Task description: As the answer, set down the lines below from the one containing "Green Dragonfly Car" through the one containing "Retro Inspired Beach", exactly and inclusively, and no others.

Supplied records:
=-=-=-=-=

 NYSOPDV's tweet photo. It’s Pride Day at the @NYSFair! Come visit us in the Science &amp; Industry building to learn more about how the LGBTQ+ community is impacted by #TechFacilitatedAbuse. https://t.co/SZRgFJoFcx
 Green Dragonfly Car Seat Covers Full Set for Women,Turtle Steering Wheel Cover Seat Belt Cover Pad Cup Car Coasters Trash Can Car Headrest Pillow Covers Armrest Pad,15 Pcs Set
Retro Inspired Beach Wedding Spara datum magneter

=-=-=-=-=

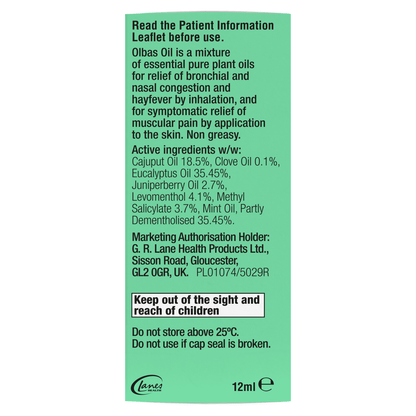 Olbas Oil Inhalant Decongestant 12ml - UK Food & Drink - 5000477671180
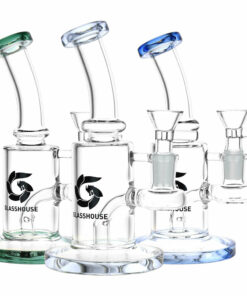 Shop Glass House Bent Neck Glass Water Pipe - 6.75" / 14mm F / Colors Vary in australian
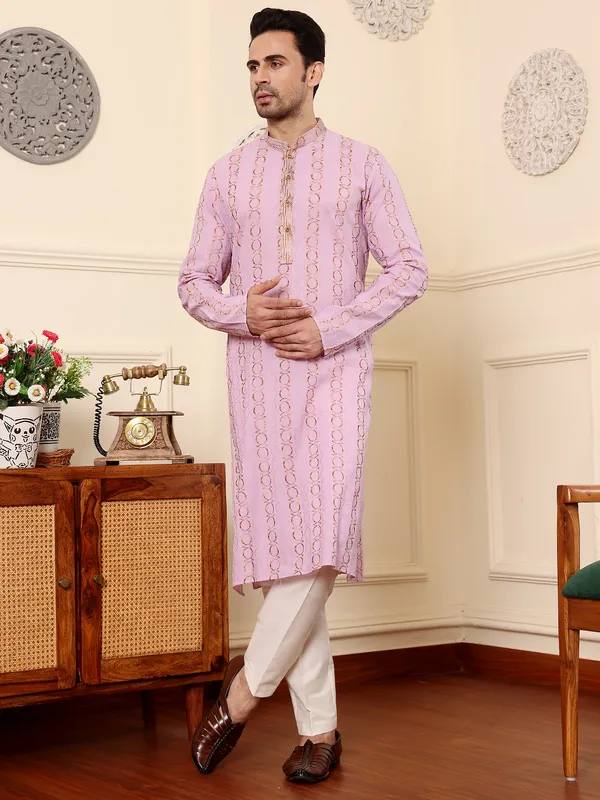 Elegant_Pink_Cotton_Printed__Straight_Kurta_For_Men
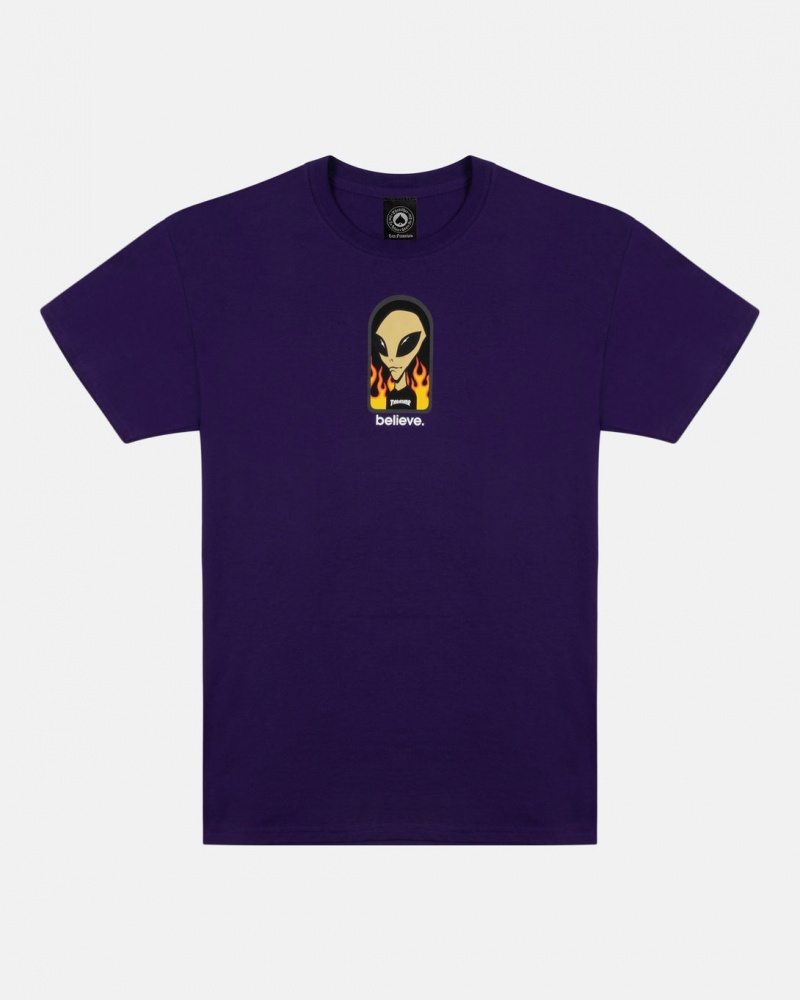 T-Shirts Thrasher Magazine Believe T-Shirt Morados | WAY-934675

=-=-=-=-=

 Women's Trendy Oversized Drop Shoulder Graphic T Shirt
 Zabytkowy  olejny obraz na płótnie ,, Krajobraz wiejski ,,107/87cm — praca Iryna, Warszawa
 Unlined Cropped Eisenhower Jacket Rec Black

=-=-=-=-=

Exercise result:
 Green Dragonfly Car Seat Covers Full Set for Women,Turtle Steering Wheel Cover Seat Belt Cover Pad Cup Car Coasters Trash Can Car Headrest Pillow Covers Armrest Pad,15 Pcs Set
Retro Inspired Beach Wedding Spara datum magneter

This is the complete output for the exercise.